Paul has published over 100 articles and chapters and is co-author or co-editor of eight books, including the Advances in Motivation and Achievement series. He also has served as editor of Educational Psychologist, the American Psychological Association journal for Division 15Educational Psychology. His research has been funded by the National Science Foundation, the Office of Educational Research and Improvement in the Department of Education, the Spencer Foundation, and the Kellogg Foundation.
Paul has served as President of Division 15-Educational Psychology for the American Psychological Association and is currently President-Elect of Division 5-Educational and Instructional Psychology for the International Association of Applied Psychology. He is a Fellow of the American Psychological Association and has been a National Academy of Education Spencer Fellow. He won the 1999 Best Research Review Article Award from the American Educational Research Association. He also has won the Class of 1923 Award from the College of Literature, Science, and Arts and the School of Education at the University of Michigan for excellence in undergraduate teaching.
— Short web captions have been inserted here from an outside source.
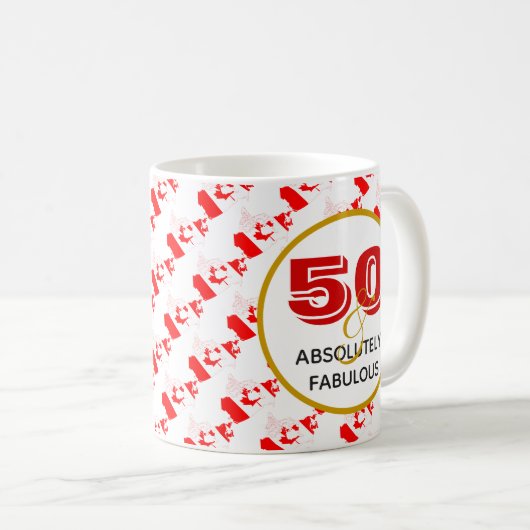 50と絶対に素晴らしいカナダ誕生日 コーヒーマグカップ (正面右)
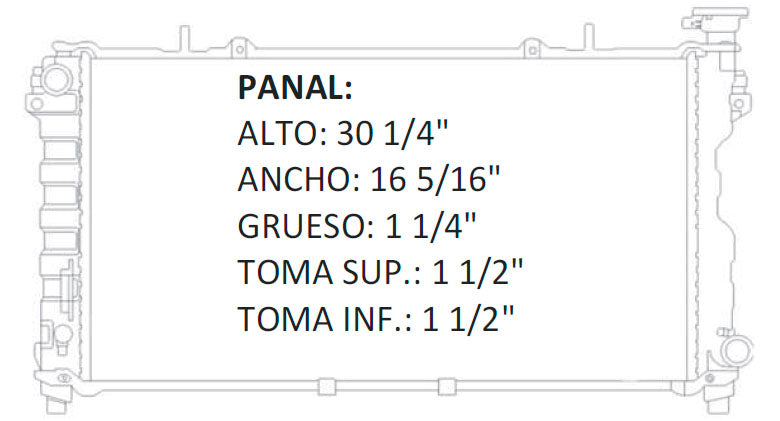 35553 AU M RADIADOR ALUMINIO PLASTICO CARAVAN / VOYAGER 2.4 L 01-04 MECANICO TRANS:AUTOMATICA RASA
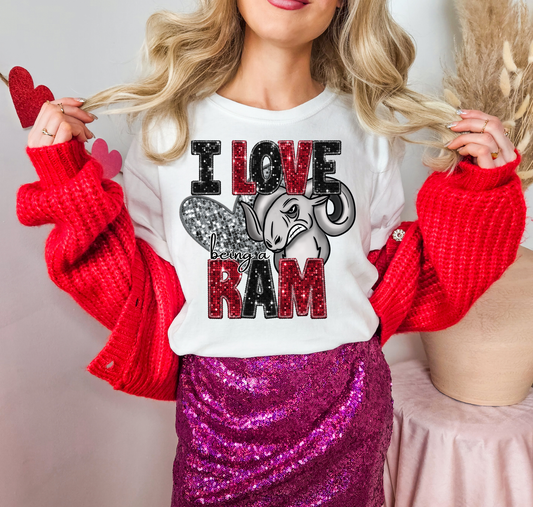 I Love Being A Ram Red Sparkles Silver Heart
Dale H. Schunk is Dean of the School of Education and Professor of Curriculum and Instruction at the University of North Carolina at Greensboro. He holds a Ph.D. in Educational Psychology from Stanford University, an M.Ed. from Boston University, and a B.S. from the University of Illinois at Urbana. He has held faculty positions at Purdue University (where he served as Head of the Department of Educational Studies), the University of North Carolina at Chapel Hill (where he also was Chair of the Academic Affairs Institutional Review Board), and the University of Houston.
Dale has edited six books, is author of Learning Theories: An Educational Perspective (Prentice Hall, 2000) and over 80 articles and book chapters. He has served as President of Division 15-Educational Psychology for the American Psychological Association and as Secretary of Division C-Learning and Instruction for the American Educational Research Association. He is presently a member of the editorial boards of three professional journals.
Dale's teaching and research interests include learning, motivation, and self-regulation. He has received the Early Career Contributions Award in Educational Psychology from the American Psychological Association, the Albert J. Harris Research Award from the International Reading Association, and the Outstanding Service Award from the Purdue University School of Education.